I have a bit of an issue. For about 2 weeks I have to leave on a family trip to N. Carolina. I was very upset to find out that the place we are staying has a very strict No Pets Policy. I tried pleading with the management saying that he would literally be no more of a bother than the furniture but they would not have it. I would sneak him in but I do not want to cause any issues or potentially put Flecko in any sort of danger. 

This leaves me with the task of finding a suitable sitter for my little buddy. My roommates co-own a hedgie of their own and they have taken care of Flecko before, however, the last time they took care of him he made a hibernation attempt. Had I not come home when I did I may have lost him. So I don't really trust them with that task anymore.

I have plenty of family and friends who would have no problem taking care of him by way of feeding and providing water but they wouldn't dare pick him up. So my concern that with 2 weeks of no human contact will completely de-socialize him. Am I being too much of a worrywart or do I have a serious problem?

PLEASE HELP :-]


----------



## Immortalia (Jan 24, 2009)

2 weeks is perfectly ok. Sure, he may be a bit huffy when you get back, but I'm sure with a bit of treat bribing, he should be back to his usual self in no time. I've gone through periods of time when I didn't really handle my boy cause I've been sick. I've also left him with a friend for an entire month and he was fine when I got back. Recently, the blistery allergies I get on my hands were really bad and I couldn't handle him for well over a month while my hands healed(reactions from him quills). So 2 weeks will be fine. 

Just be sure to write up all the information needed, basic health problems and what they should do. And emergency contact information. Even sending them to this site may be beneficial as well. Also make sure they do at least check on him morning and night to make sure he is huffing and try to get a look at him daily, even if they don't want to touch him. Like when cleaning wheel or giving fresh water and food, just gently roll him out of his bed and just watch him walk around before giving him back his bed. Then, they can see if there's anything wrong.


----------



## KathyTNY (Jan 21, 2011)

Immortalia said:


> 2 weeks is perfectly ok. Sure, he may be a bit huffy when you get back, but I'm sure with a bit of treat bribing, he should be back to his usual self in no time.
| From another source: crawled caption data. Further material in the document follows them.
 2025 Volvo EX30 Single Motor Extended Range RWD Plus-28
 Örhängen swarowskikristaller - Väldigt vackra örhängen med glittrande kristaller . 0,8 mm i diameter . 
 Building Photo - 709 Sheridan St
I've gone through periods of time when I didn't really handle my boy cause I've been sick. I've also left him with a friend for an entire month and he was fine when I got back. Recently, the blistery allergies I get on my hands were really bad and I couldn't handle him for well over a month while my hands healed(reactions from him quills). So 2 weeks will be fine.
> 
> Just be sure to write up all the information needed, basic health problems and what they should do. And emergency contact information. Even sending them to this site may be beneficial as well. Also make sure they do at least check on him morning and night to make sure he is huffing and try to get a look at him daily, even if they don't want to touch him. Like when cleaning wheel or giving fresh water and food, just gently roll him out of his bed and just watch him walk around before giving him back his bed. Then, they can see if there's anything wrong.
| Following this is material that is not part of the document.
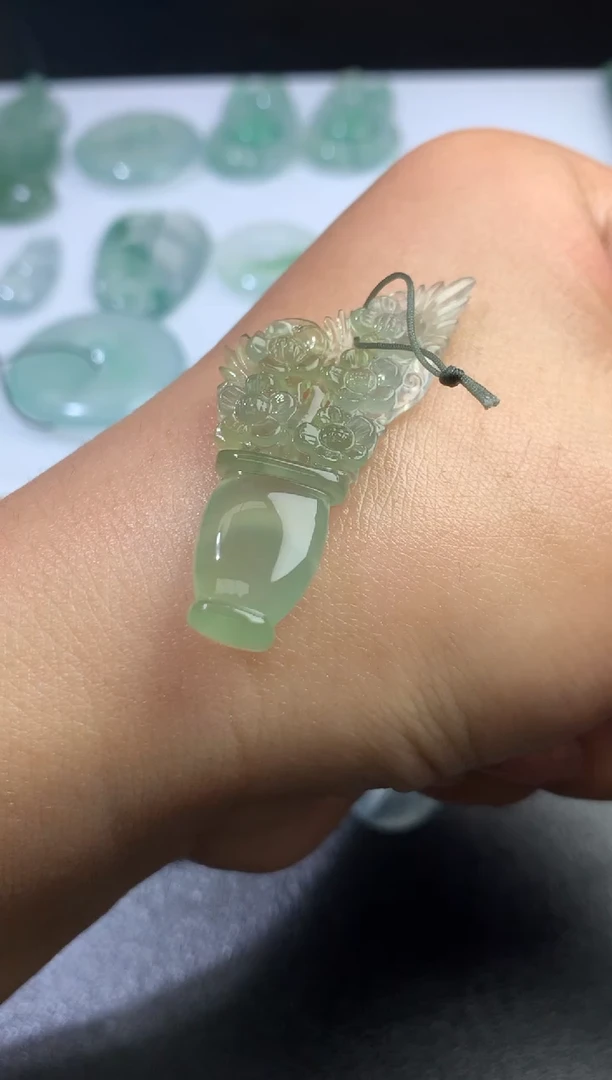 未镶嵌定制翡翠毛货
Thanks for the above input - very helpful to me! In October my whole family will be going to a wedding out of state for a long weekend. I have been worrying what to do with my 2 pogs.... my 21 year old daughter (who doesn't live at home and is not coming to the wedding) is not a pet person but said she would come and change their water and food - she is afraid of them and their noises though!!  I worried about human contact - would they forget me etc. after a few days of not having their momma around to snuggle with at night.......

My other question is about their wheel. I am afraid my daugther will NOT clean their poopy wheels............what do I do about that situation?

Kathy


----------